Every school estimates attendance costs. These costs provide an idea of what you can expect to pay when you attend a specific school.
How much money you can withdraw from your 529 to pay for living costs such as housing and food is based on the cost of attendance at your chosen school. Therefore, you should be careful not to exceed this amount.
It’s easy to stay within estimated costs of attendance when you live on campus and buy a meal plan from the cafeteria. But when you live off campus and buy your own food, you must keep the costs within the given cost of attendance at the school. In other words, you can’t pay any more to live and eat off campus than you would to live in the dorms and eat in the dining hall, per the school’s calculations.
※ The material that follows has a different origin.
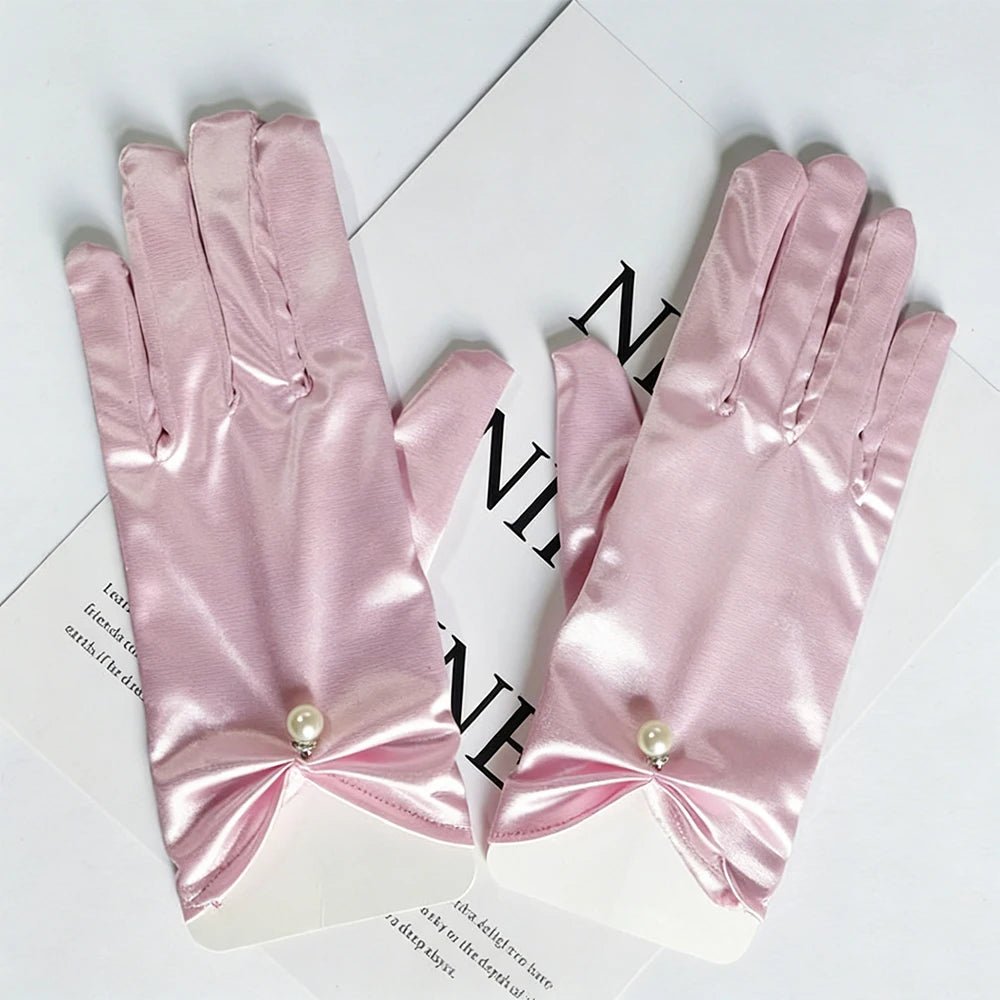 Short Satin Bridal Gloves with Pearls and Bows - Luzilly Bridal & Apparel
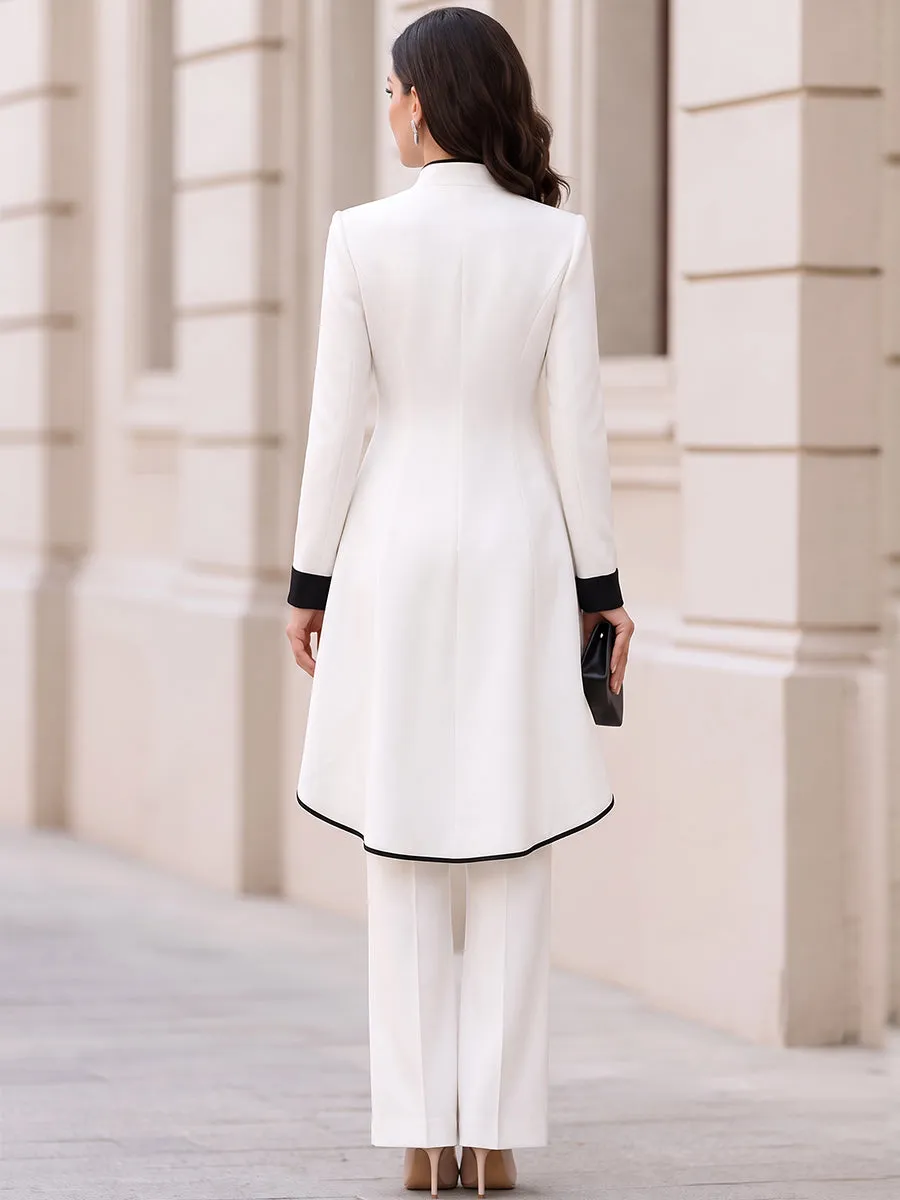 Black Piped Trim High‑Low Peplum Blazer And Straight‑Leg Pants Co‑Ord Set sold by Mooyius product image thumbnail 3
If you have questions about your own school’s limit on housing and food costs, ask the financial aid office for the cost of attendance so you have some guidance.
Keep your costs separate
When using your 529 money to pay for college costs, keep a record of all your purchases. When tax season arrives, you’ll need receipts to back up your claims.
Try to avoid putting 529 qualified expenses on the same transaction with ineligible costs. For example, if you’re buying groceries for the week, don’t toss shampoo and soap on the same transaction as your food purchases.
While it may seem awkward to divide your purchases and complete two transactions, it could make record-keeping easier. And you may be less likely to draw the attention of the IRS when you prepare your taxes.
Other ways to pay for college expenses
A 529 plan can be a great way to help pay for college expenses, but it’s important to be aware of the limits on such spending so you don’t end up being penalized.
That said, a 529 plan may not cover everything. If you find you still have a college funding gap after using your 529 or other savings plans, you can make use of federal loans, make money through a work study program and look for scholarships and grants. You can also apply for private student loans, although you should be aware that these loans are often not as flexible and do not offer the same benefits as federal loans.